> **Work required**: Omit each picture as you copy the entries exactly.

Brief descriptive captions
-*-*-
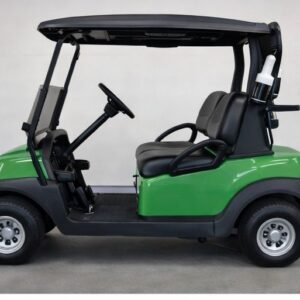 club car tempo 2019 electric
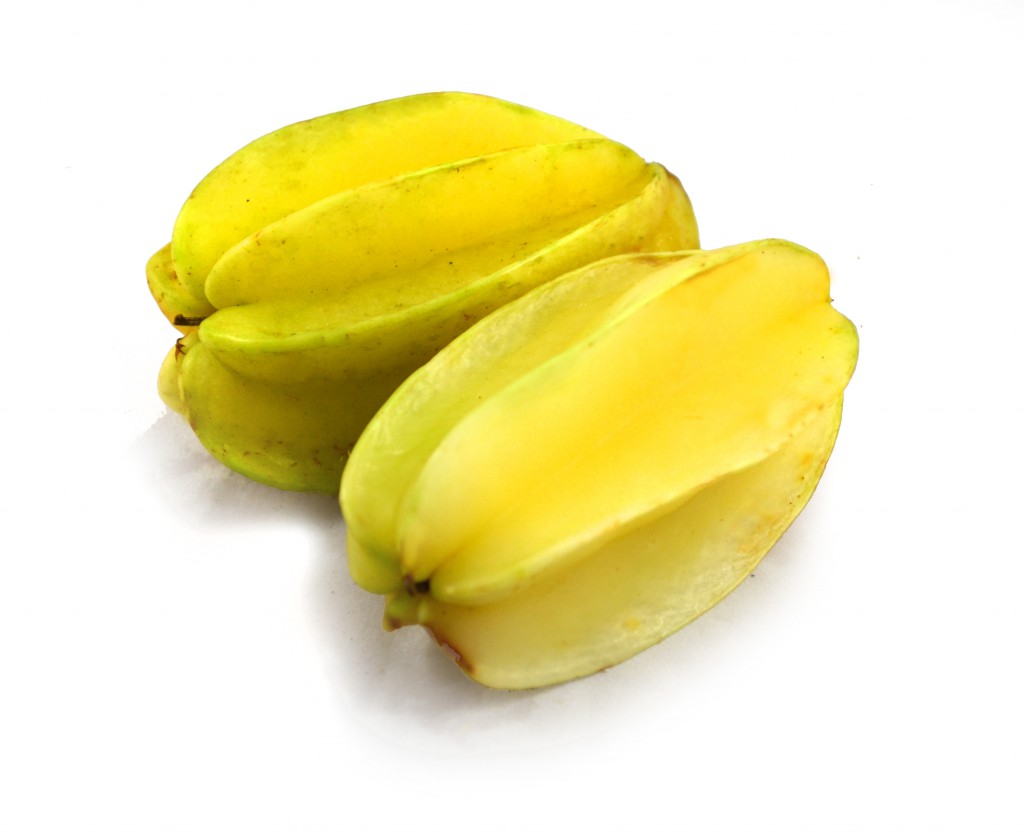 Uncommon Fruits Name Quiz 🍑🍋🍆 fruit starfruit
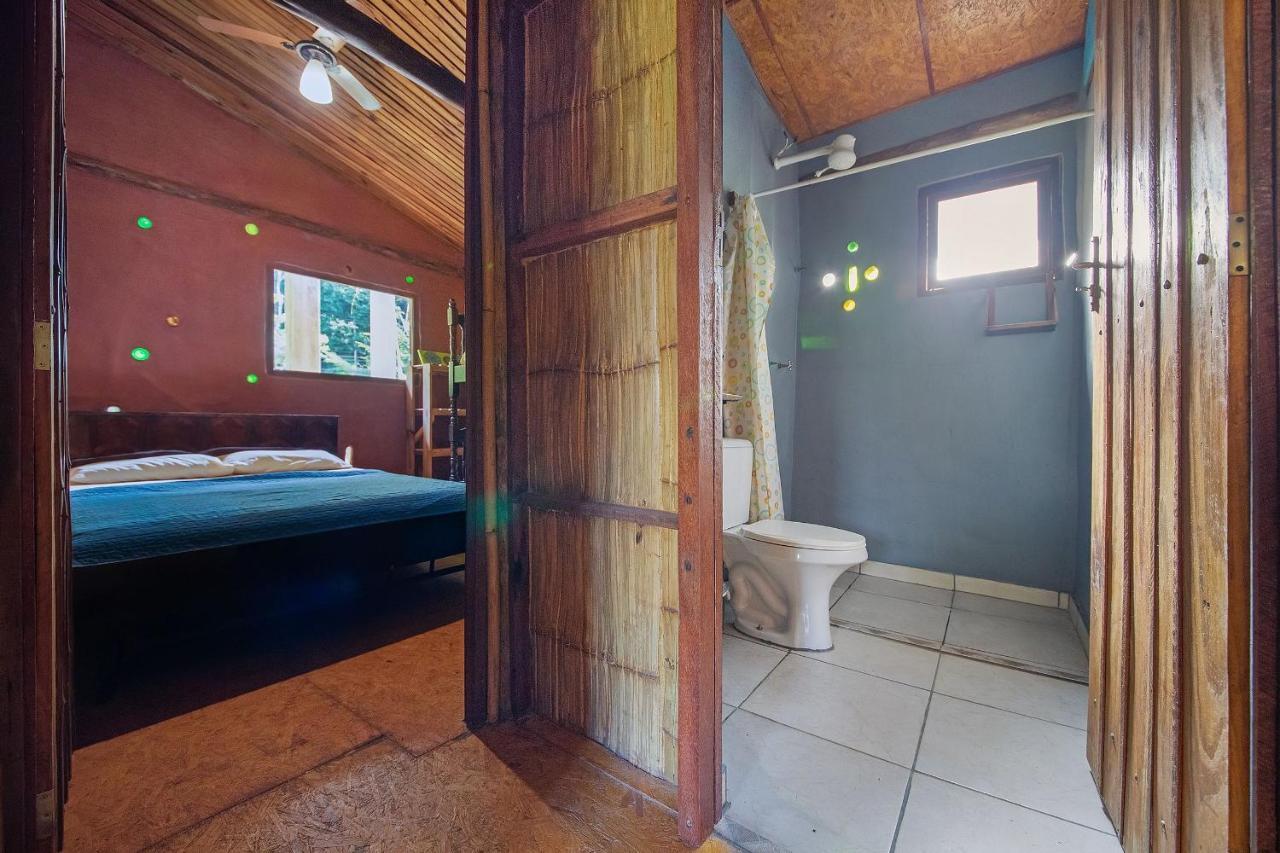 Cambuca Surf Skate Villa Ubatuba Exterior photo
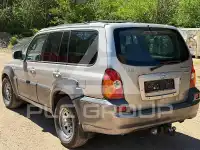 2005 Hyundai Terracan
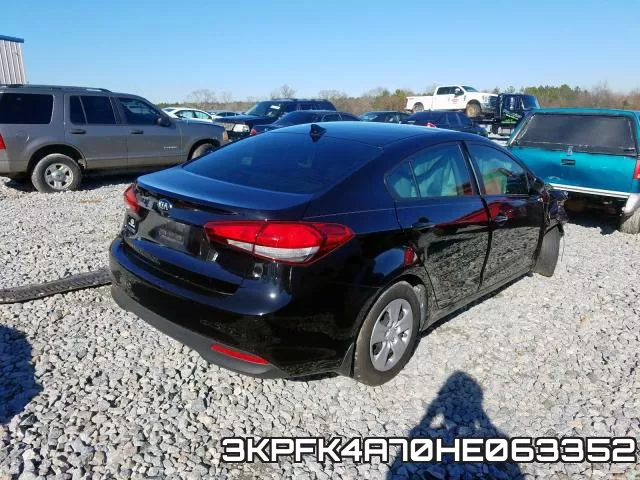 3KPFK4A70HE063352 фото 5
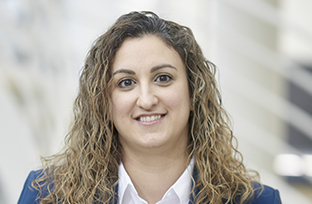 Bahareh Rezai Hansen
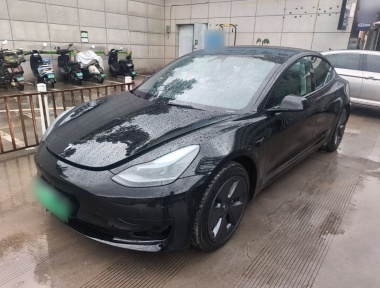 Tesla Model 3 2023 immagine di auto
-*-*-
> **Task response**:
 club car tempo 2019 electric
 Uncommon Fruits Name Quiz 🍑🍋🍆 fruit starfruit
 Cambuca Surf Skate Villa Ubatuba Exterior photo
 2005 Hyundai Terracan
 3KPFK4A70HE063352 фото 5
 Bahareh Rezai Hansen
 Tesla Model 3 2023 immagine di auto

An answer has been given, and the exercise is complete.